WHAT THE TASK REQUIRES:
Find the line in the entries below that contains "Dash Kit For 96 HONDA CIVIC". Repeat it exactly, and every line after it through the line that contains "Compressor Hose".

DATASET EXTRACT:
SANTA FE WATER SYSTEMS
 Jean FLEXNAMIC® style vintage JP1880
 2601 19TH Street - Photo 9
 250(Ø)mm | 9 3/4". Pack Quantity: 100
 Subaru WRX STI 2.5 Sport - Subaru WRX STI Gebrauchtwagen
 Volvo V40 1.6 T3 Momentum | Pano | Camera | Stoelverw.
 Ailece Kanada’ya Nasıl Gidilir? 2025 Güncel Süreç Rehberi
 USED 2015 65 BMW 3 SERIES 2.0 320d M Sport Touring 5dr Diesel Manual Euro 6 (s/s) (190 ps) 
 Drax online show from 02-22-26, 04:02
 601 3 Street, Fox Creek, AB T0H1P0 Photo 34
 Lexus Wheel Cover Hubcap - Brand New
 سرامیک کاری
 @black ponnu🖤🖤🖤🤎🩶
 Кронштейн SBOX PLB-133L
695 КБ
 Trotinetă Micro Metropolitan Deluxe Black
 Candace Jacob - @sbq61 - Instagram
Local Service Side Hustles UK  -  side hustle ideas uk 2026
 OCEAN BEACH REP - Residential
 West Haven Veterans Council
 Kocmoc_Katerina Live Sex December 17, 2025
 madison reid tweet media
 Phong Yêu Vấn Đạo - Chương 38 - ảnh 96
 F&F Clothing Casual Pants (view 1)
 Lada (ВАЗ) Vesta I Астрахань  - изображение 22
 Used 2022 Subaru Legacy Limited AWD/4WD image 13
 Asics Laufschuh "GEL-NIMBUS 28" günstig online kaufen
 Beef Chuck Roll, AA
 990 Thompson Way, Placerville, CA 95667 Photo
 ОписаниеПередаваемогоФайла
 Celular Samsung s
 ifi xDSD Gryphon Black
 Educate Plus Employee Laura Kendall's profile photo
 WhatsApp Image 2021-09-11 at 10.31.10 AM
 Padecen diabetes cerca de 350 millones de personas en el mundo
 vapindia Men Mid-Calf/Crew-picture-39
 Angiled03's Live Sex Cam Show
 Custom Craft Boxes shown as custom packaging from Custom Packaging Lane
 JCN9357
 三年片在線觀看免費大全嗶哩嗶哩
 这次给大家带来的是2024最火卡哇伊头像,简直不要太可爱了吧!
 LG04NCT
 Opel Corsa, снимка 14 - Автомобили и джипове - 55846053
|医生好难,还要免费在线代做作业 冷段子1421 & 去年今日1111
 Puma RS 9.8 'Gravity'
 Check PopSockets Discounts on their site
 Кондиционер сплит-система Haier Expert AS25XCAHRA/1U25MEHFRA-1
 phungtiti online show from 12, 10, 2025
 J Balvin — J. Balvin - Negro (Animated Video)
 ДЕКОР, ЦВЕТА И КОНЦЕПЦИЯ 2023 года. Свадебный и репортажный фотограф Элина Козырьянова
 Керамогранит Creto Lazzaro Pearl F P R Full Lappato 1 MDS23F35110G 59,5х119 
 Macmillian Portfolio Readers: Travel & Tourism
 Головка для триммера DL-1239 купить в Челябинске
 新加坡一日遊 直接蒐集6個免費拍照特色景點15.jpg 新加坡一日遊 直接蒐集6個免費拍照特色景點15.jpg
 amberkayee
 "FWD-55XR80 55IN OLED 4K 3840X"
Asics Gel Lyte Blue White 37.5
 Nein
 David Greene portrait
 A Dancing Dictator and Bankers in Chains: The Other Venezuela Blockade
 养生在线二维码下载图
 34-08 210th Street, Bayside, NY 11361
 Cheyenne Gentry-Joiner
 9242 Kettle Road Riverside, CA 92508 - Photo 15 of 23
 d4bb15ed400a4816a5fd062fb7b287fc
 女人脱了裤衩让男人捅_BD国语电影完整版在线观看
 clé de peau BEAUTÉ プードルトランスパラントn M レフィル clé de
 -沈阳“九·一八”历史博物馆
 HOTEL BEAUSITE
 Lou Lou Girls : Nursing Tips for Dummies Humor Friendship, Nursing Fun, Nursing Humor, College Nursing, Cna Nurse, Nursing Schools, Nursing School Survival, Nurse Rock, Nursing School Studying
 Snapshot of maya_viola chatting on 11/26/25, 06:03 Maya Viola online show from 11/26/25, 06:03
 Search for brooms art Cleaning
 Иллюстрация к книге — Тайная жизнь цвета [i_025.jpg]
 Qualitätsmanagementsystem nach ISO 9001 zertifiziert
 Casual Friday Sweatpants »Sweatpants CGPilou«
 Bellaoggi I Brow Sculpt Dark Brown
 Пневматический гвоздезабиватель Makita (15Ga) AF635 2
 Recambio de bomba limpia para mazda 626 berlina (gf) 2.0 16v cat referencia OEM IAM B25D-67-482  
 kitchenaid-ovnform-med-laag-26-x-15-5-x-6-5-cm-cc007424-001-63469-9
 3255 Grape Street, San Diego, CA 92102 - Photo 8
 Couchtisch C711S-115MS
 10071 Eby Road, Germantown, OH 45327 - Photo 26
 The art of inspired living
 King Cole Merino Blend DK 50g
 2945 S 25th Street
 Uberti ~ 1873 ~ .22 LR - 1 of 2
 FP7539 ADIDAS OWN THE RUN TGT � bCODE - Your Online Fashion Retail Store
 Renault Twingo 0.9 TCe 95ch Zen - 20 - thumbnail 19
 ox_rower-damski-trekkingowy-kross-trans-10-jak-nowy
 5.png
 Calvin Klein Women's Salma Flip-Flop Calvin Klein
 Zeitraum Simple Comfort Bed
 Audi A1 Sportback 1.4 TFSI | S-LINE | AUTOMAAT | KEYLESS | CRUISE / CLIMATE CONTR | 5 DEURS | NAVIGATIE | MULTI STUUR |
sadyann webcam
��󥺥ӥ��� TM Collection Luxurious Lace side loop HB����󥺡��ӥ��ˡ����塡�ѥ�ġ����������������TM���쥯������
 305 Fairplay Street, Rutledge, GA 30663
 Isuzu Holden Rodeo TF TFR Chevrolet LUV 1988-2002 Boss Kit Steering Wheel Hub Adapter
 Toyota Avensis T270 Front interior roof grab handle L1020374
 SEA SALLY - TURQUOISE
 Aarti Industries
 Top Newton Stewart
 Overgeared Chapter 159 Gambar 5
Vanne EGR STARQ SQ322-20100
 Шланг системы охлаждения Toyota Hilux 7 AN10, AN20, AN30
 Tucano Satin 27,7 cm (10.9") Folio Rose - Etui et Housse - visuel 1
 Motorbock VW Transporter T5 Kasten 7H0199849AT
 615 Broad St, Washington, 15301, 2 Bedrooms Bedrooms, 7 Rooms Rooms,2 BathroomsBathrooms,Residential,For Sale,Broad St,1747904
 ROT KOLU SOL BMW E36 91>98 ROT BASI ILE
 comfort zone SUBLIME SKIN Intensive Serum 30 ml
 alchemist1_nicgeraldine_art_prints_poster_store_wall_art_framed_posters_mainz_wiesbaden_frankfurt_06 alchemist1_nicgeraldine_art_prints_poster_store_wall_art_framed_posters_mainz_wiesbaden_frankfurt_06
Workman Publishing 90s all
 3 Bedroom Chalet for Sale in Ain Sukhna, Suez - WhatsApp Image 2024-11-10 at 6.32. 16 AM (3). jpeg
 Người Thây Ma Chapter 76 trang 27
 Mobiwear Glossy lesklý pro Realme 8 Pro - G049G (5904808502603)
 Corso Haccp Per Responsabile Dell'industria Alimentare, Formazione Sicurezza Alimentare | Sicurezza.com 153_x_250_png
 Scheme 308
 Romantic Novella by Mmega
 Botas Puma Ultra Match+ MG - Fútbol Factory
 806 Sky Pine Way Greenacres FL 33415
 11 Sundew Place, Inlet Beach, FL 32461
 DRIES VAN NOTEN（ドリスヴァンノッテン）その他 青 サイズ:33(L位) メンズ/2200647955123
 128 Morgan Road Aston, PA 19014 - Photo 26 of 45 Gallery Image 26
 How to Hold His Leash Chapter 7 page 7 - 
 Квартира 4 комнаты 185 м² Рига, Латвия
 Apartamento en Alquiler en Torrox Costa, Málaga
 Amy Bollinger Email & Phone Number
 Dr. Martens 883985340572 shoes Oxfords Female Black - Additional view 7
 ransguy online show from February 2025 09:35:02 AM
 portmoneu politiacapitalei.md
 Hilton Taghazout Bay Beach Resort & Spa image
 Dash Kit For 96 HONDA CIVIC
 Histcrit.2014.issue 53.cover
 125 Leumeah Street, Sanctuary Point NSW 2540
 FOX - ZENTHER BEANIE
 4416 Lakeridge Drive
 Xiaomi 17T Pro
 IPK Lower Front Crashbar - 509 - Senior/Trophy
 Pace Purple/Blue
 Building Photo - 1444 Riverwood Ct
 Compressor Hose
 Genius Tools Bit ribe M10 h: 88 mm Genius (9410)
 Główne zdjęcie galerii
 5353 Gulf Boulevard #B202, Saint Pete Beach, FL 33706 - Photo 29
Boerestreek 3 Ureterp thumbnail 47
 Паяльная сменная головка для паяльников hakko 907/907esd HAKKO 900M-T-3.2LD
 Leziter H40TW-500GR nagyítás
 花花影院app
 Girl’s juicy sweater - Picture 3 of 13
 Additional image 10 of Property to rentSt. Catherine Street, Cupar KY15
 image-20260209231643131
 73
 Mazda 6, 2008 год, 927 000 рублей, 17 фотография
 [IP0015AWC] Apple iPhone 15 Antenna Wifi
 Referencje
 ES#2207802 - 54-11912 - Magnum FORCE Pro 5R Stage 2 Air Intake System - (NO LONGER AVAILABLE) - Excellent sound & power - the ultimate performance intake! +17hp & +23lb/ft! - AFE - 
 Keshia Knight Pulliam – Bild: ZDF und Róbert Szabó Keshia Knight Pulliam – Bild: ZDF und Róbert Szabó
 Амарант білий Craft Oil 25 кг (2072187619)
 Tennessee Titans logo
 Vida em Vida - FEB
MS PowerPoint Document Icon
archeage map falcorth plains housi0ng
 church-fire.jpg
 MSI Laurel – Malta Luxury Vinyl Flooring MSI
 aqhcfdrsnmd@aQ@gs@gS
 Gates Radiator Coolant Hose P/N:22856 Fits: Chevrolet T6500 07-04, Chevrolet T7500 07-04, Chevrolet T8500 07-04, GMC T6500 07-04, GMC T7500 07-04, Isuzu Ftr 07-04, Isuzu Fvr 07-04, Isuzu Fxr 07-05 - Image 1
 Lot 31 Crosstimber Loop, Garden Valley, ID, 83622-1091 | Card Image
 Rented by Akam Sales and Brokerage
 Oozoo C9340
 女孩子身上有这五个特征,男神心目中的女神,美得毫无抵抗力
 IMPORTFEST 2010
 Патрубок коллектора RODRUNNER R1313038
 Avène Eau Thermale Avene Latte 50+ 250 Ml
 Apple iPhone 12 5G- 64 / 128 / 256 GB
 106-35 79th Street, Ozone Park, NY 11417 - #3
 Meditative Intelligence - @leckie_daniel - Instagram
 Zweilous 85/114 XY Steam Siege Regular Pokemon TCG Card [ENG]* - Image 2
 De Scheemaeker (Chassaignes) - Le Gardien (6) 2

RESULT OF THIS TASK:
 Dash Kit For 96 HONDA CIVIC
 Histcrit.2014.issue 53.cover
 125 Leumeah Street, Sanctuary Point NSW 2540
 FOX - ZENTHER BEANIE
 4416 Lakeridge Drive
 Xiaomi 17T Pro
 IPK Lower Front Crashbar - 509 - Senior/Trophy
 Pace Purple/Blue
 Building Photo - 1444 Riverwood Ct
 Compressor Hose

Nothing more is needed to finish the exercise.